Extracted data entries
* * * * * * * * *

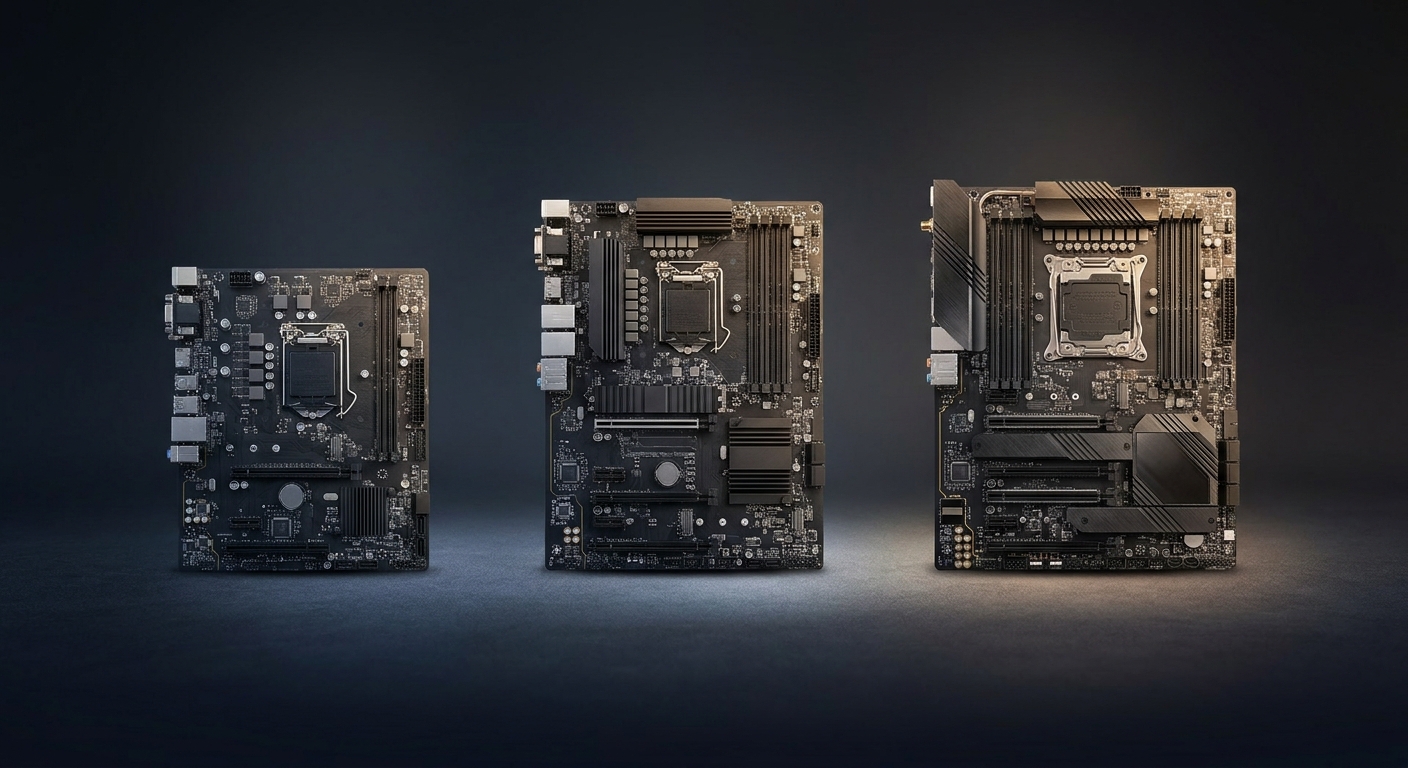 Three tiers of motherboards arranged side by side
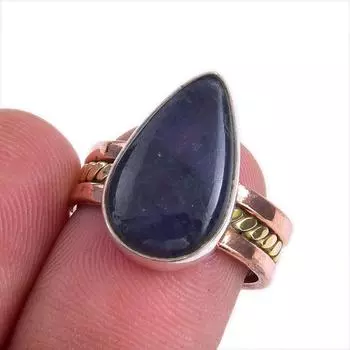 Натуральный драгоценный камень иолит двухцветное ювелирное кольцо из стерлингового серебра 925 пробы размер 6 r1i06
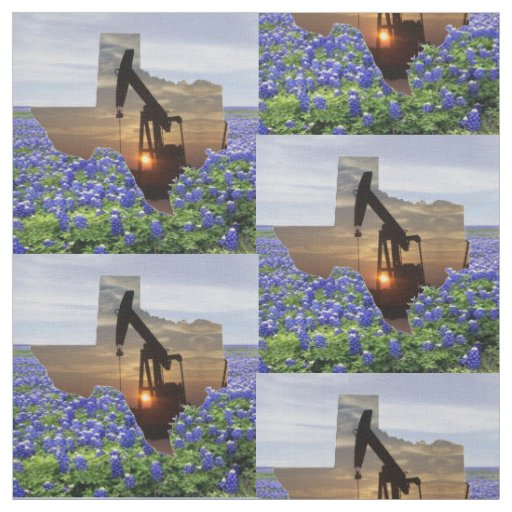 Texas Oil Pump Jack Sunset and Bluebonnets 4.5" Fabric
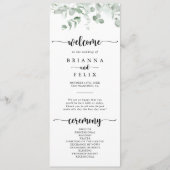 Klassieke groene eucalyptus-oliage bruiloft programma (Voorkant)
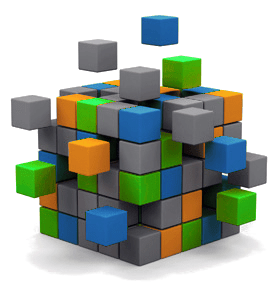 Colorful 3D cubes in various orientations.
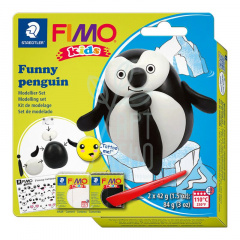 Набір полімерної глини Fimo kids "Пінгвінчик", 2 кол. х 42 г, Fimo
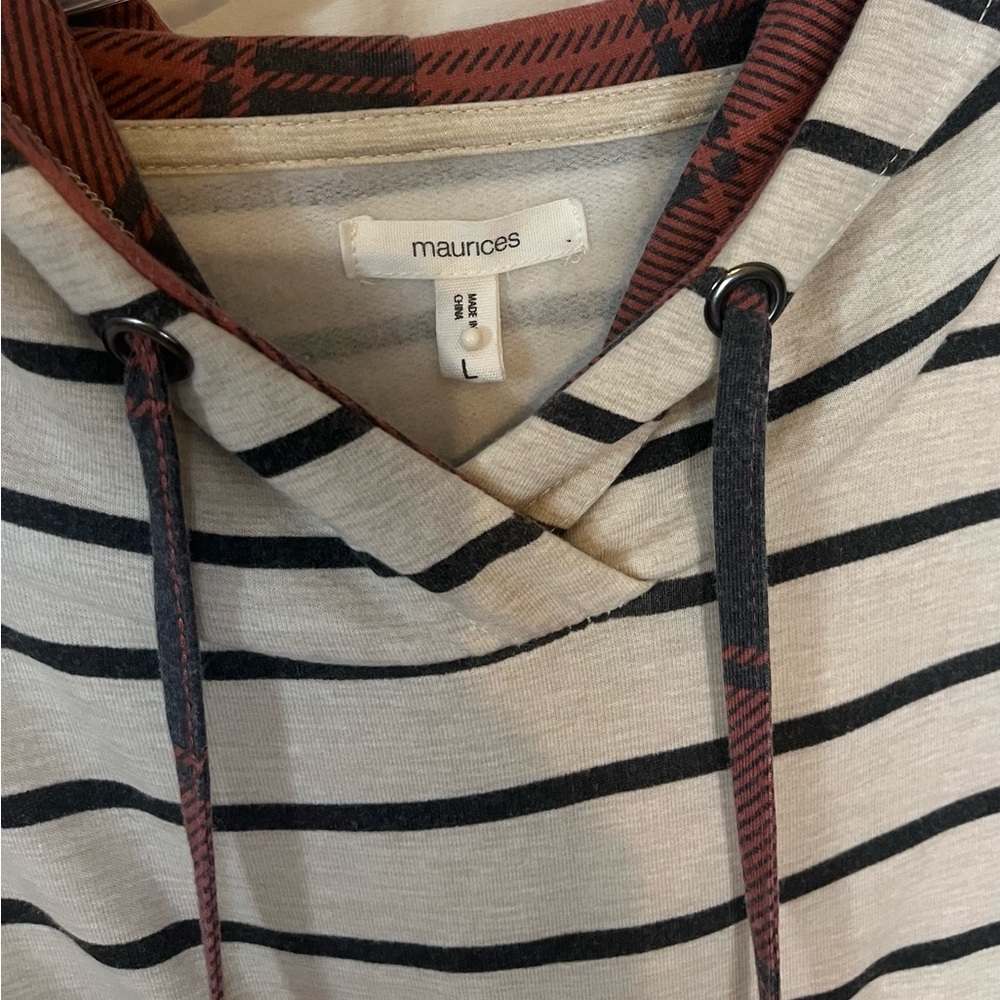 Maurices Gray Striped Hoodie - Picture 4 of 4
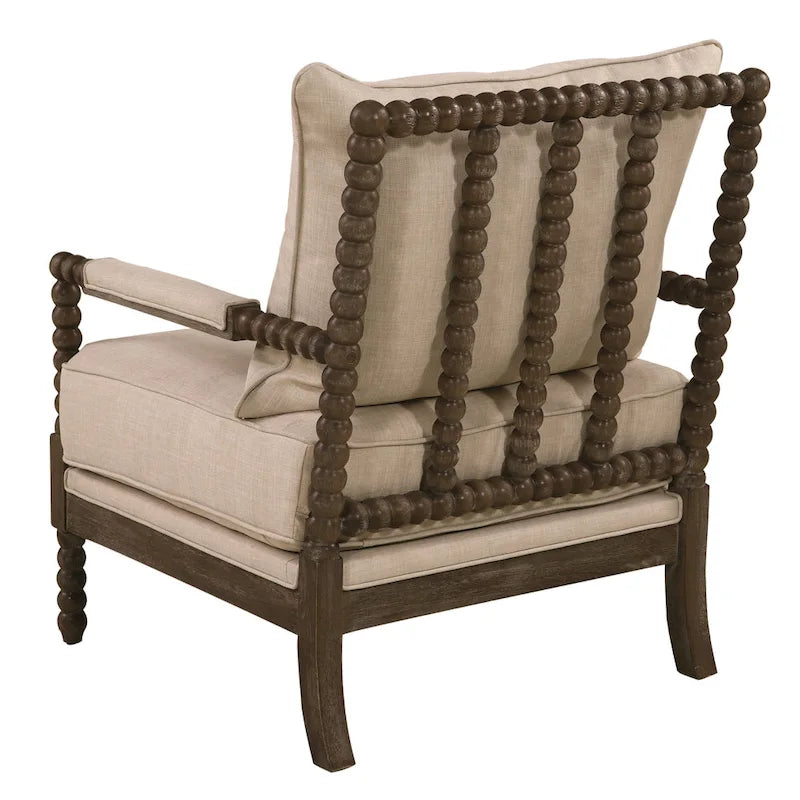 Fauteuil d'appoint broche tissu ambre / avoine avec pieds noyer – Simple
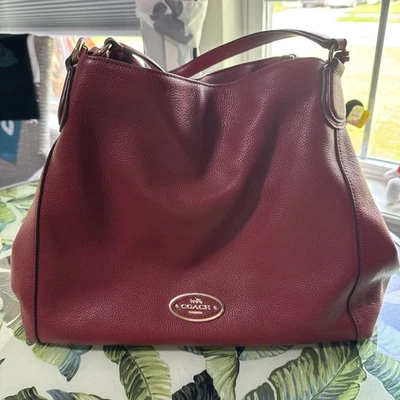 Coach Edie 31 Hobo Pebbled Solid Red Leather Shoulder Bag Classic Purse 33547 - Image 1 of 4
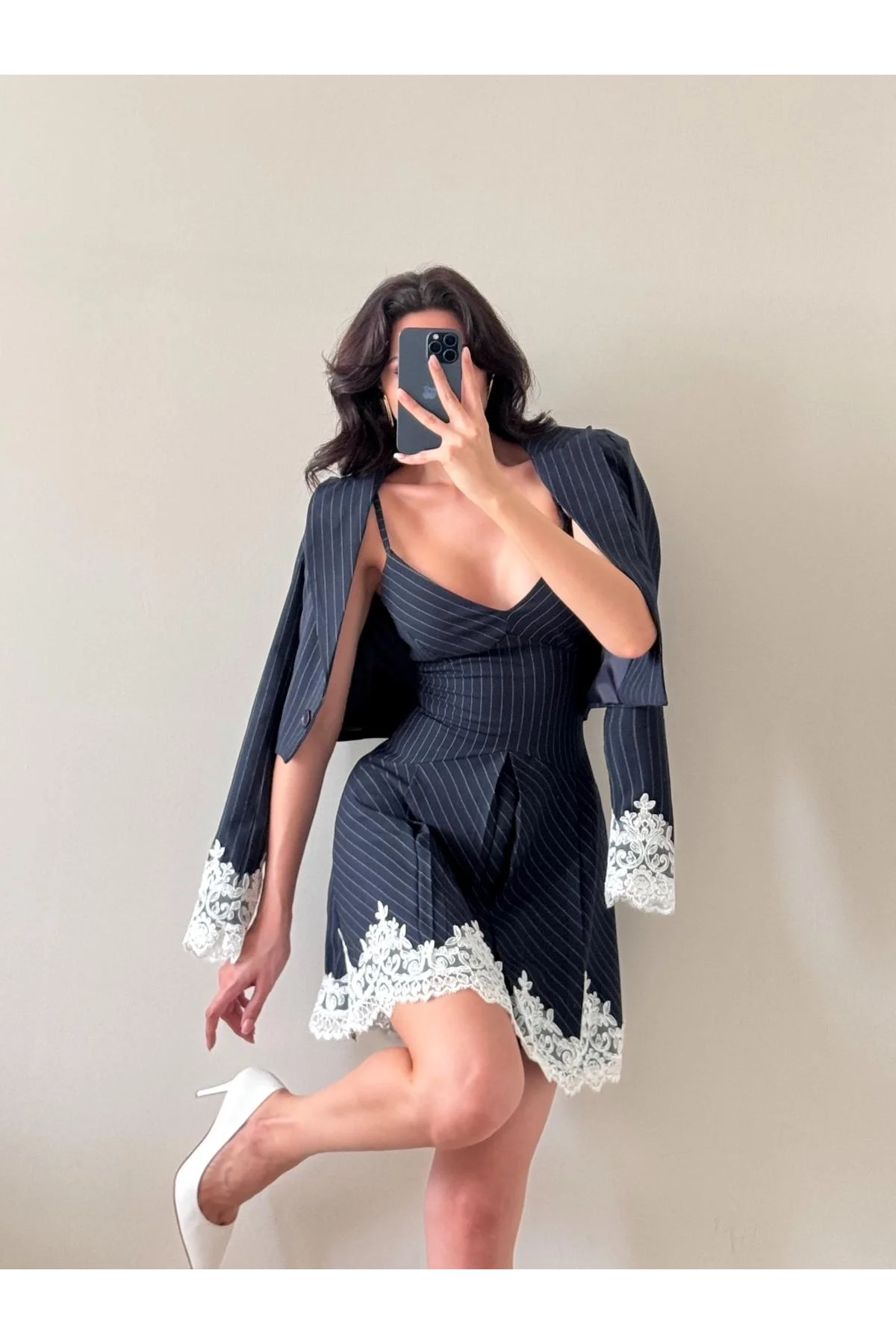 Lacivert Dantel Detaylı Çizgili Blazer Ceket Elbise Takım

* * * * * * * * *

Since the pictures are not wanted, set down only the rest of each record, exactly as above.

## Solved problem
 Three tiers of motherboards arranged side by side
 Натуральный драгоценный камень иолит двухцветное ювелирное кольцо из стерлингового серебра 925 пробы размер 6 r1i06
 Texas Oil Pump Jack Sunset and Bluebonnets 4.5" Fabric
 Klassieke groene eucalyptus-oliage bruiloft programma (Voorkant)
 Colorful 3D cubes in various orientations.
 Набір полімерної глини Fimo kids "Пінгвінчик", 2 кол. х 42 г, Fimo
 Maurices Gray Striped Hoodie - Picture 4 of 4
 Fauteuil d'appoint broche tissu ambre / avoine avec pieds noyer – Simple
 Coach Edie 31 Hobo Pebbled Solid Red Leather Shoulder Bag Classic Purse 33547 - Image 1 of 4
 Lacivert Dantel Detaylı Çizgili Blazer Ceket Elbise Takım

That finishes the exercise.